Work request
From the first line of the entries down to the line with "Detroit Red Wings", write out every line exactly; that last line counts, but pictures do not.
____
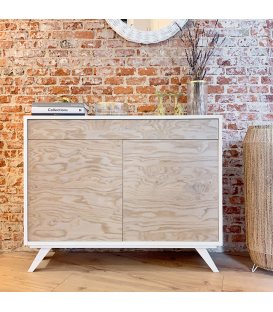 Aparador con patas o zócalo AKER con 1 cajón y 2 puertas...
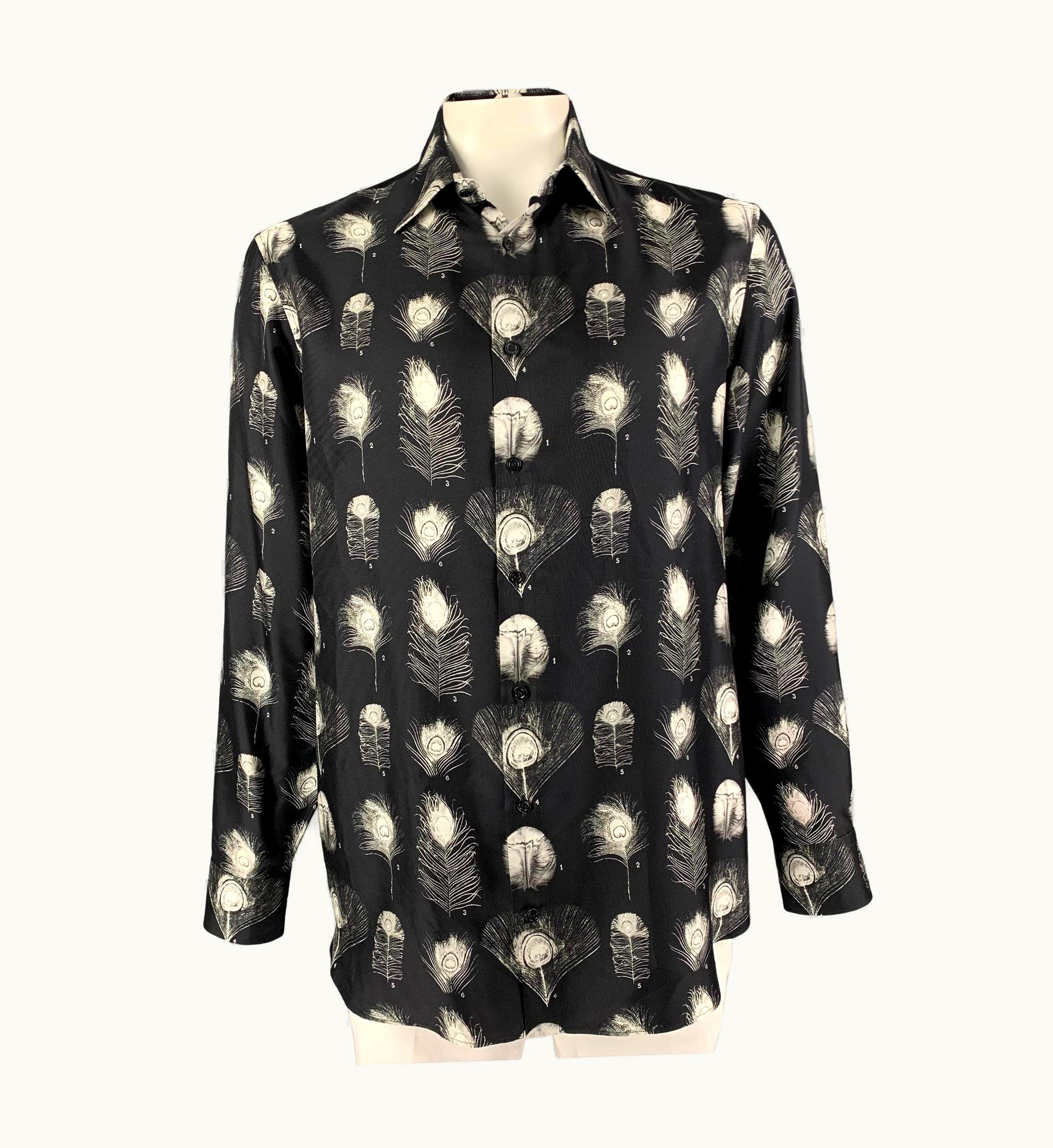 Alexander McQueen Alexander Mcqueen AW 17 Black White Print Silk Long Sleeve Shirt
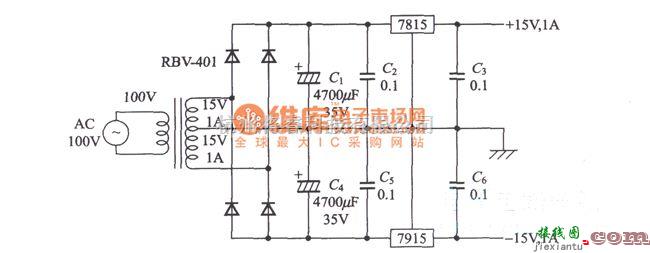 稳压电源中的使用三端稳压器的双极性稳压电源电路图  第1张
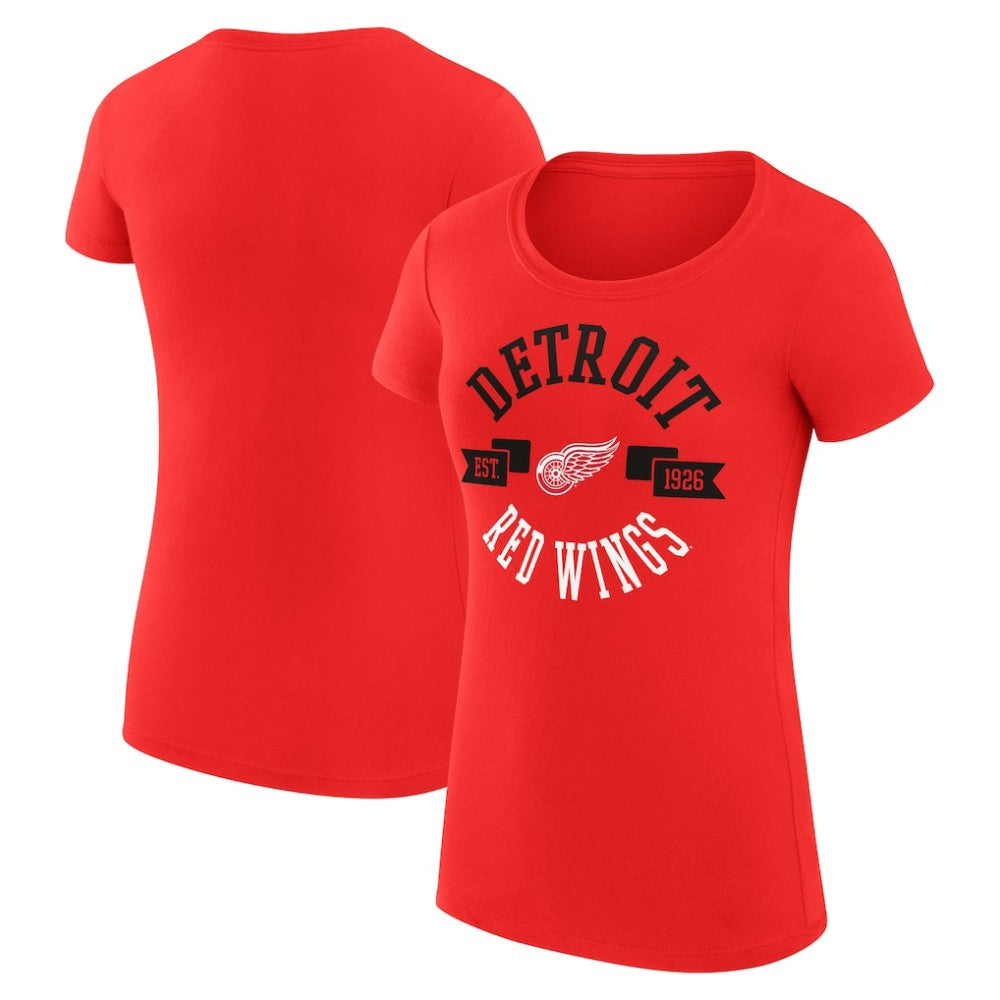 Detroit Red Wings G-III 4Her by Carl Banks Women's Super-Slim Fit Lightweight City Graphic Sport Crewneck T-Shirt Red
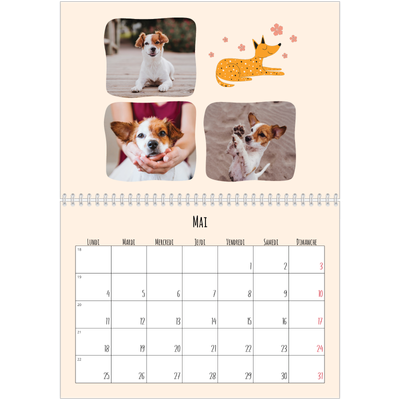 Calendrier photo A4 double (30 x 40 cm) — Pattes de chien et gribouillis [couverture]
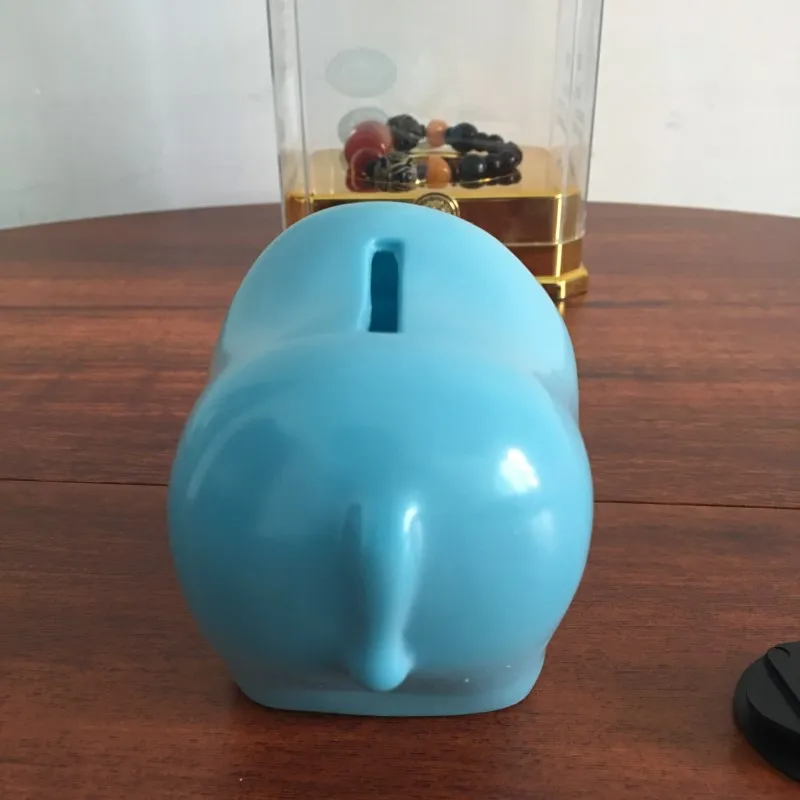 custom plastic cute rhino coin bank animal money box with lock and key cute piggy bank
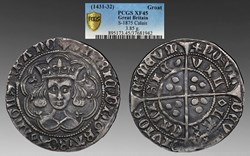 England: ca. 1431-1432 silver groat of Henry VI, from the Reigate Hoard found in Surrey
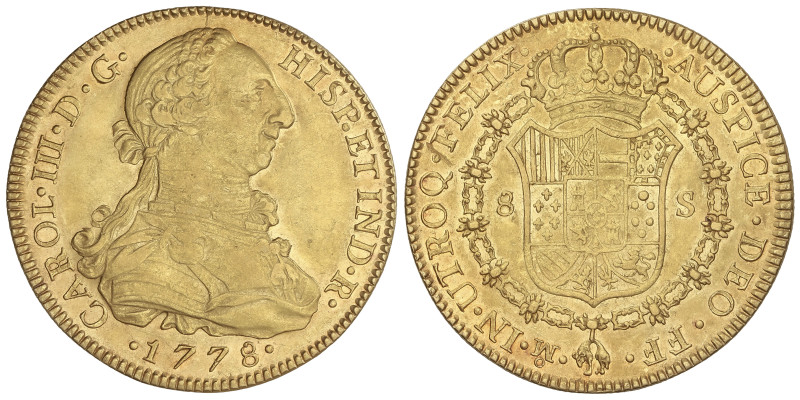 SPANISH MONARCHY: CHARLES III
8 Escudos. 1778. MÉXICO. F.F. 26,99 grs. Ceca y e...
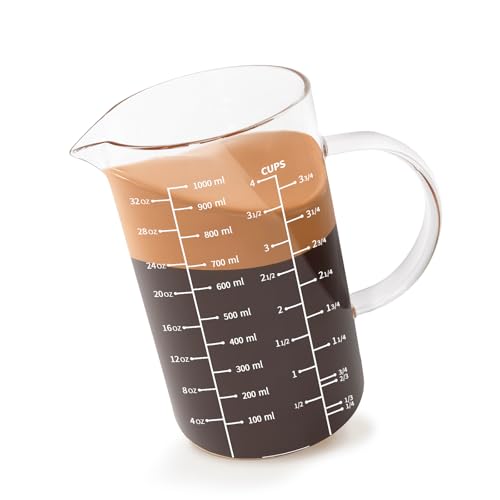 Newness Glass Measuring Cup with Handle, 1000 ML (1 Liter, 4 Cup) Measuring Cup with Three Scales (OZ, Cup, ML/CC) and V-Shaped Spout, Measuring Beaker for Kitchen or Restaurant, Easy to Read - color: White Measuring Scale, size: 1000 ML (4 Cup)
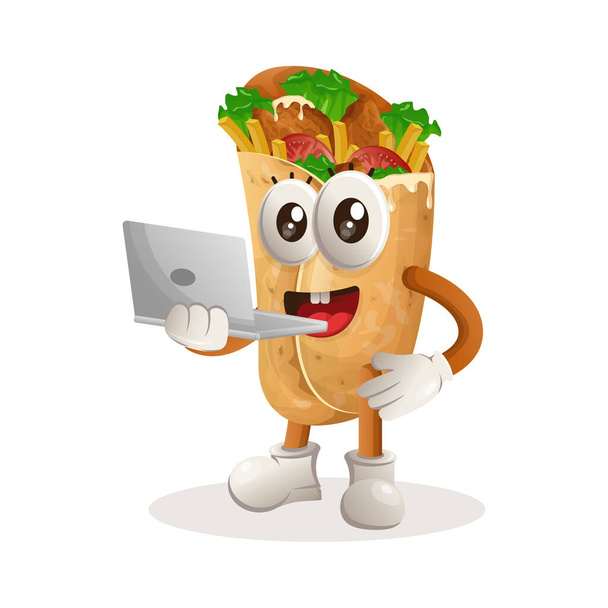 Cute burrito mascot working using a laptop. Perfect for food store, small business or e-Commerce, merchandise and sticker, banner promotion, food review blog or vlog channe - Vektor, kép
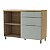 Balcão Cozinha 120cm 1 Porta 3 Gavetas Nesher Marquesa Nature/Verde - Imagem 5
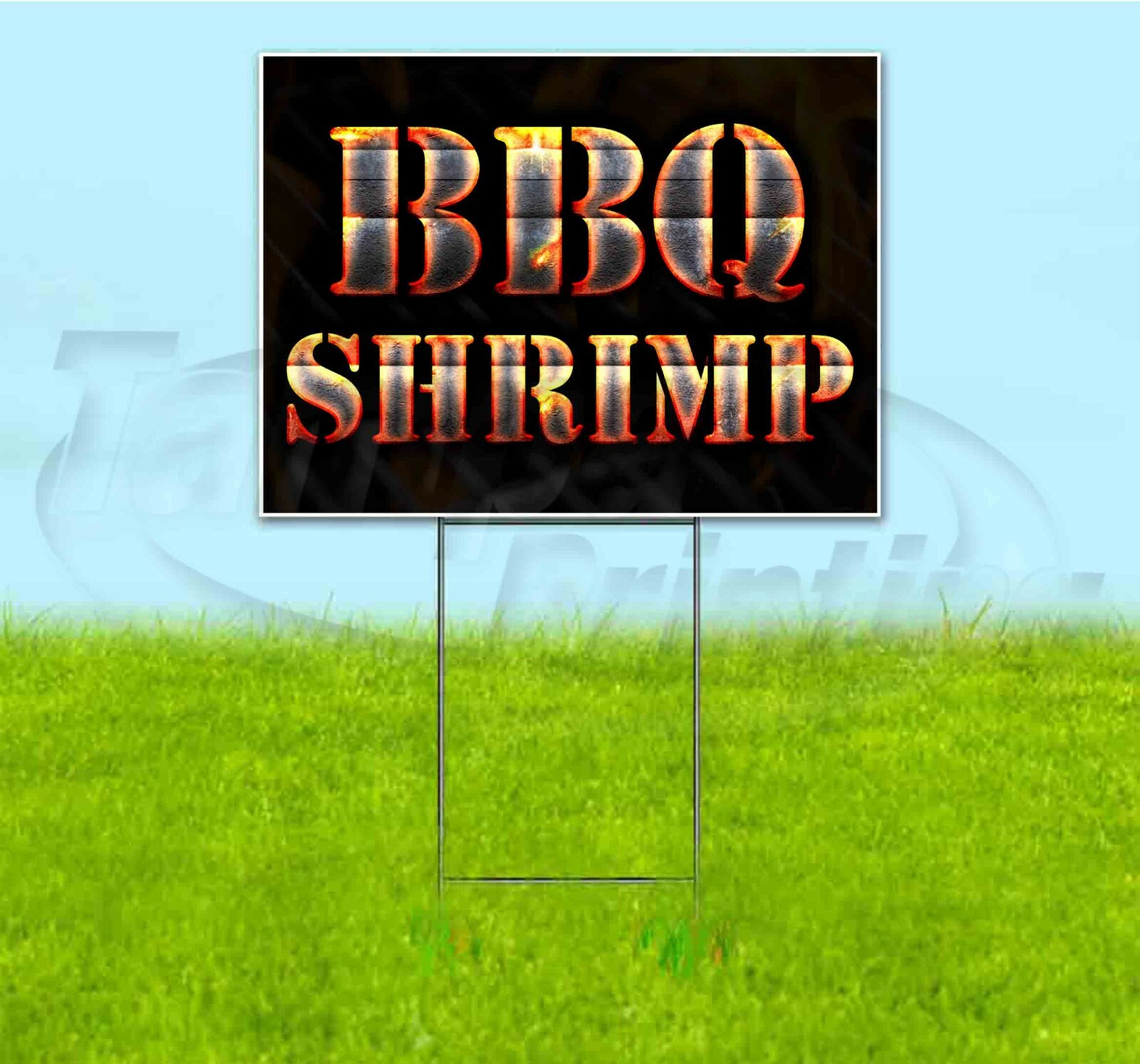 BBQ SHRIMP 18×24 Yard Sign WITH STAKE Corrugated Bandit USA BUSINESS GRILL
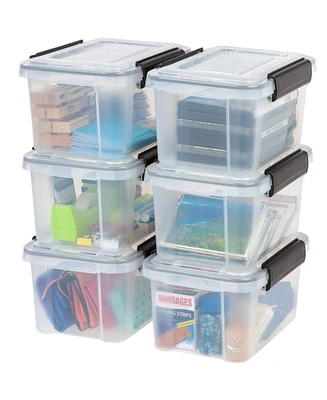 Iris Usa 6 Qt. Plastic Storage Bins with Sealed Lids, Clear Gasket Box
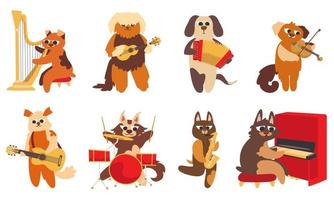 set van hond muzikanten. grappige karakters in doodle vlakke stijl vector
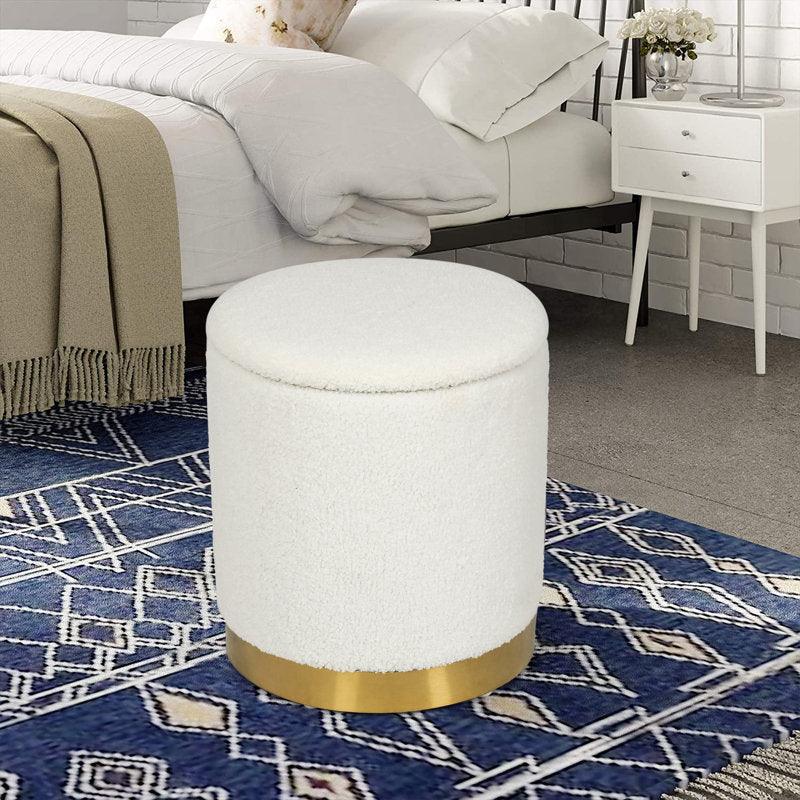 Alhome Bouclé White Pouf Malaysian Wood, Bouclé Fabric, White Color (40x40x45) - ALHOME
____
Answer to this task
 Aparador con patas o zócalo AKER con 1 cajón y 2 puertas...
 Alexander McQueen Alexander Mcqueen AW 17 Black White Print Silk Long Sleeve Shirt
 稳压电源中的使用三端稳压器的双极性稳压电源电路图  第1张
 Detroit Red Wings G-III 4Her by Carl Banks Women's Super-Slim Fit Lightweight City Graphic Sport Crewneck T-Shirt Red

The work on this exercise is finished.